▸ **What is expected**:
Reproduce exactly the lines below, from the first one through the line containing "Las propuestas de Jesus Manuel.", and omit any pictures.

*** Opening of Data records ***

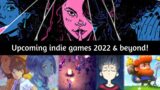 26 Upcoming Indie Games 2022 & Beyond!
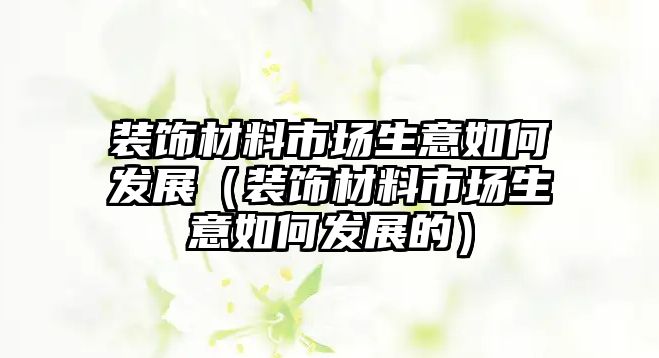 裝飾材料市場生意如何發(fā)展（裝飾材料市場生意如何發(fā)展的）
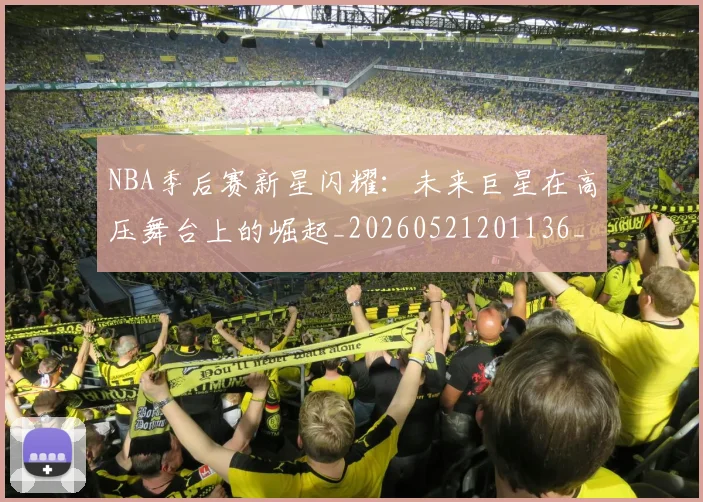 NBA季后赛新星闪耀:未来巨星在高压舞台上的崛起_20260521201136_20260702165043
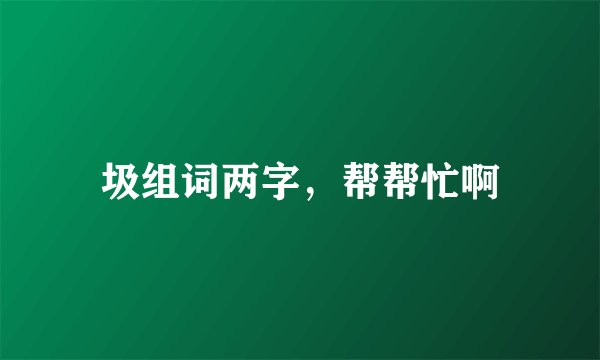 圾组词两字，帮帮忙啊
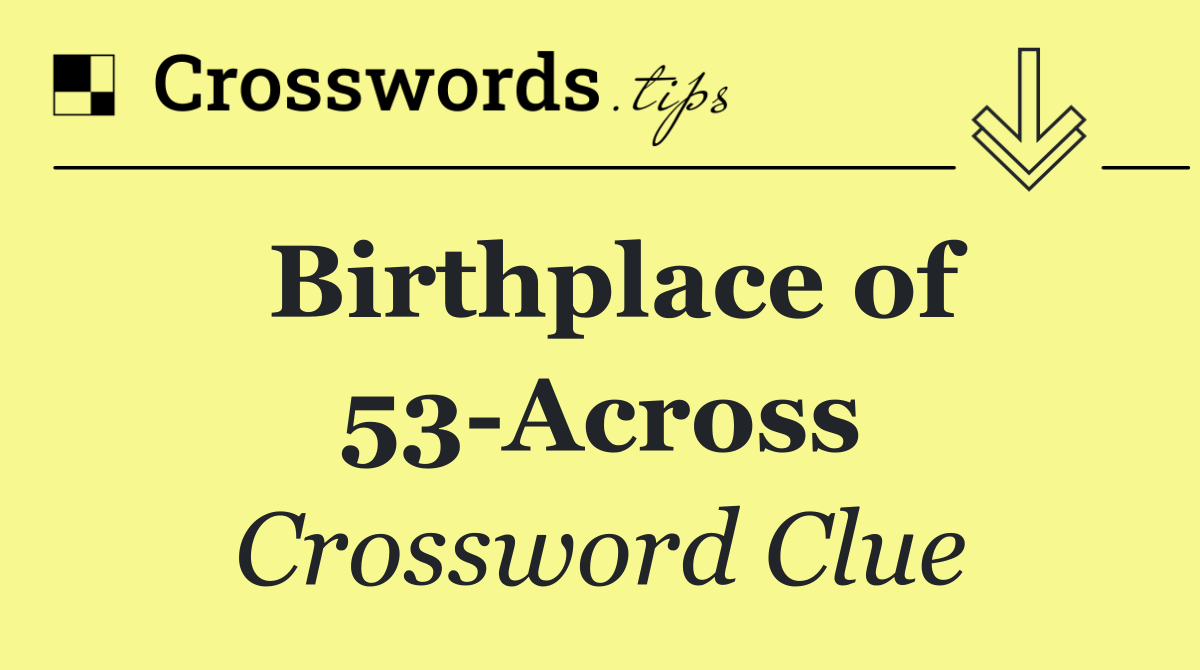 Birthplace of 53 Across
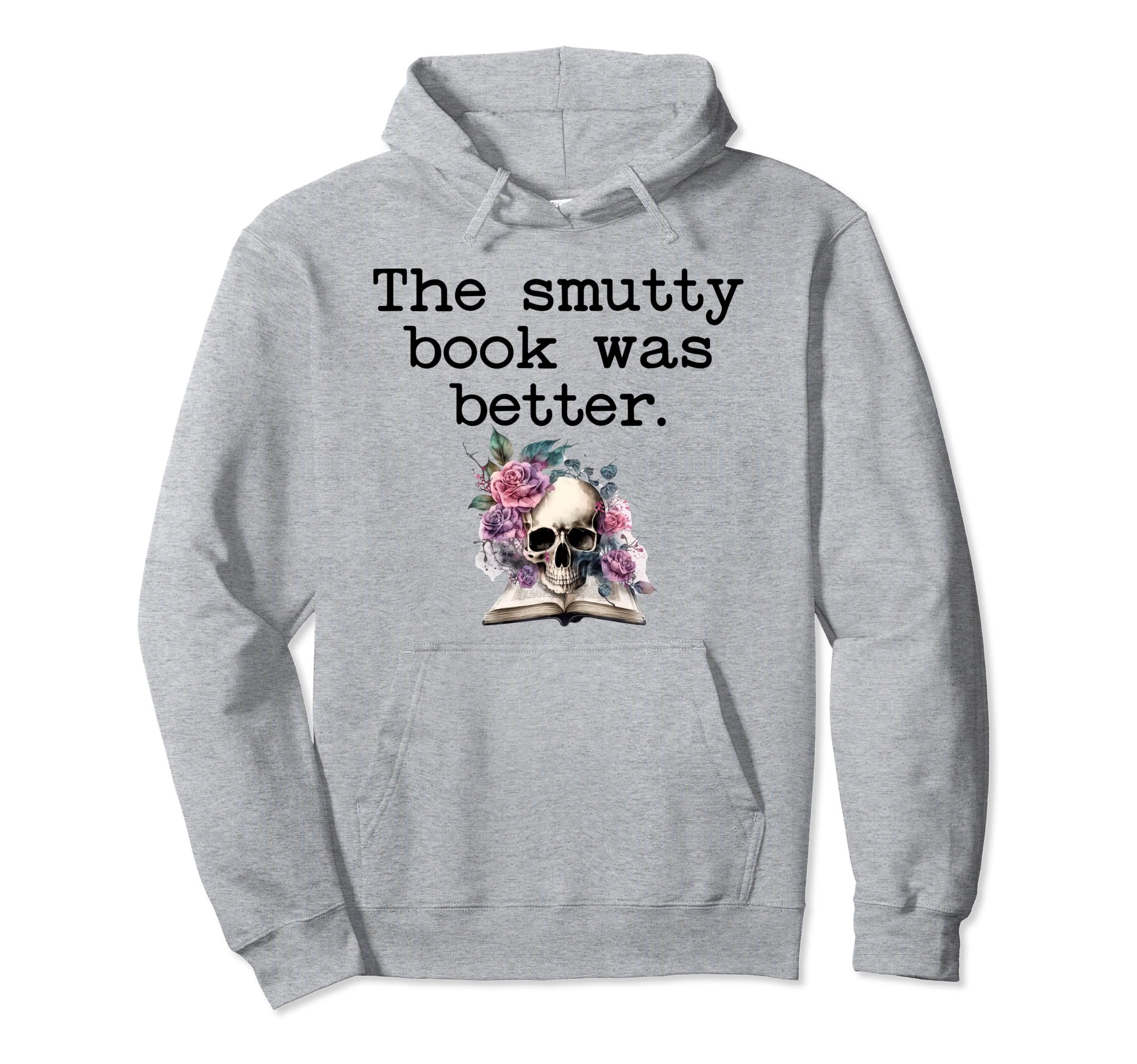 Smutty Book Was Better I Love To Read Hoodie - Minimalist Print Men Women - T-Shirt, Sweatshirt, Hoodie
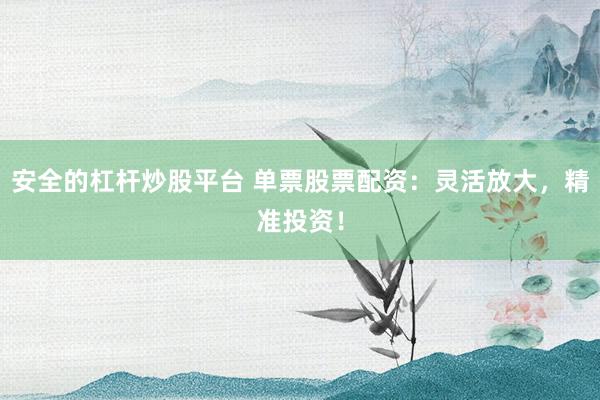 安全的杠杆炒股平台 单票股票配资:灵活放大,精准投资!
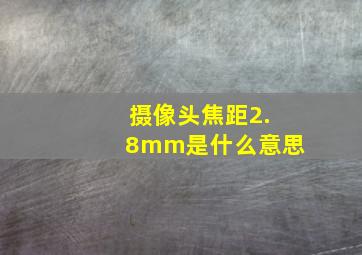 摄像头焦距2.8mm是什么意思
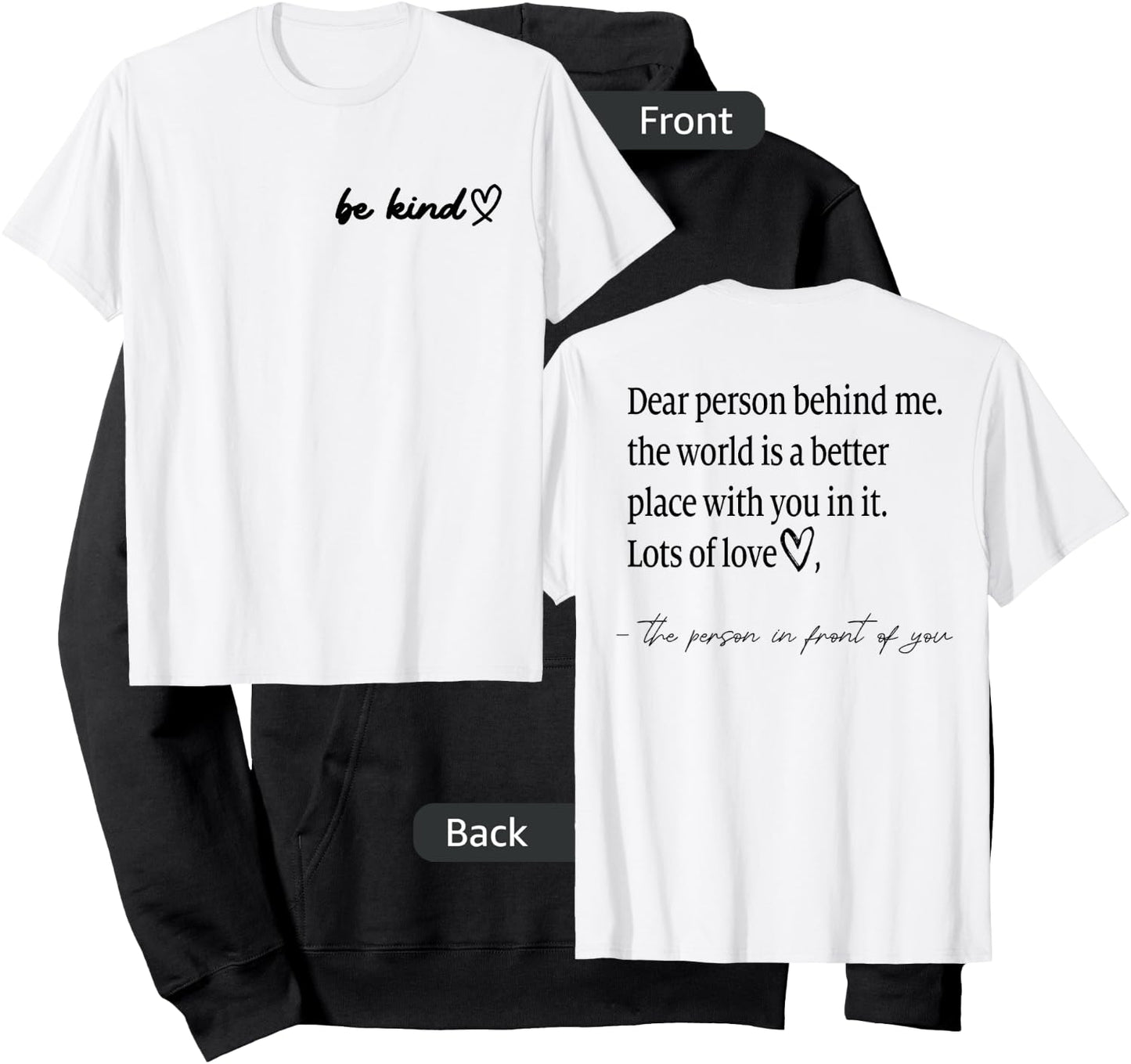 Be Kind Dear Person Behind Me The World Is A Better Place Hoodie - Hoodie | Black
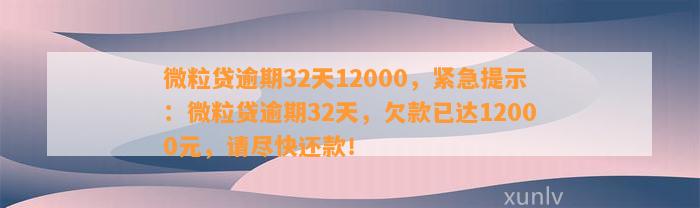 微粒贷逾期32天12000，紧急提示：微粒贷逾期32天，欠款已达12000元，请尽快还款！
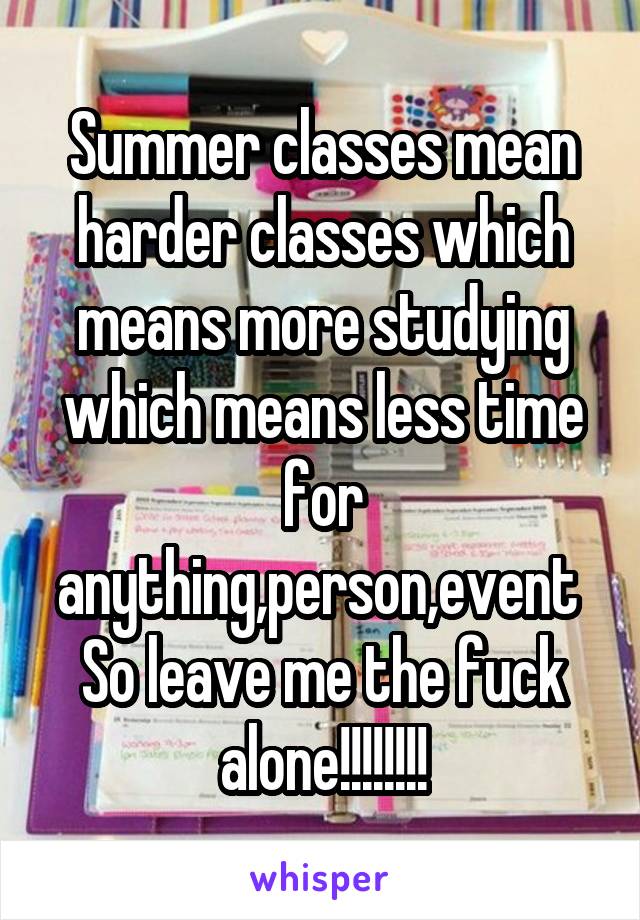 Summer classes mean harder classes which means more studying which means less time for anything,person,event 
So leave me the fuck alone!!!!!!!!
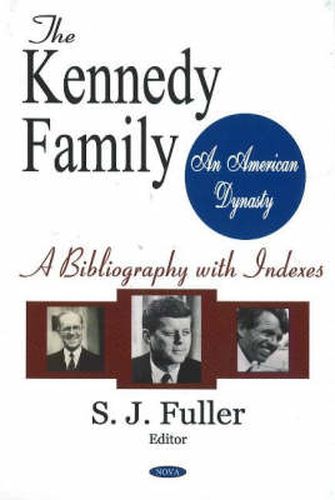 Cover image for Kennedy Family -- Book & CD-ROM: An American Dynasty -- A Bibliography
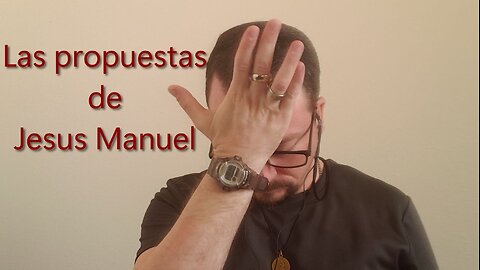 Las propuestas de Jesus Manuel.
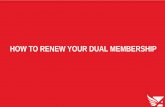HOW TO RENEW YOUR DUAL MEMBERSHIP€¦ · Magazine?* What type ot events are you most interested in?' Back @ Electronically Youth Events @ Electronically Membership Renewal Step 7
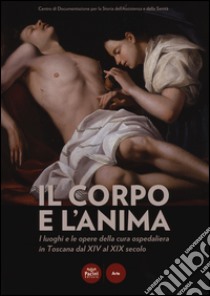 Il corpo e l'anima. I luoghi e le opere della cura ospedaliera in Toscana dal XIV al XIX. Catalogo della mostra (Siena, 6 dicembre 2014-1 marzo 2015). Ediz. illustrata libro di Diana E. (cur.)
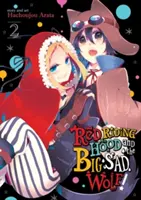 Cappuccetto Rosso e il Grande Lupo Triste Vol. 2 - Red Riding Hood and the Big Sad Wolf Vol. 2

*** Close of Data records ***

▸ **Task result**:
 26 Upcoming Indie Games 2022 & Beyond!
 裝飾材料市場生意如何發(fā)展（裝飾材料市場生意如何發(fā)展的）
 NBA季后赛新星闪耀:未来巨星在高压舞台上的崛起_20260521201136_20260702165043
 圾组词两字，帮帮忙啊
 Birthplace of 53 Across
 Smutty Book Was Better I Love To Read Hoodie - Minimalist Print Men Women - T-Shirt, Sweatshirt, Hoodie
 安全的杠杆炒股平台 单票股票配资:灵活放大,精准投资!
 摄像头焦距2.8mm是什么意思
 Be Kind Dear Person Behind Me The World Is A Better Place Hoodie - Hoodie | Black
 微粒贷逾期32天12000，紧急提示：微粒贷逾期32天，欠款已达12000元，请尽快还款！
 Summer classes mean harder classes which means more studying which means less time for anything,person,event 
So leave me the fuck alone!!!!!!!!
 Cover image for Kennedy Family -- Book & CD-ROM: An American Dynasty -- A Bibliography
 Las propuestas de Jesus Manuel.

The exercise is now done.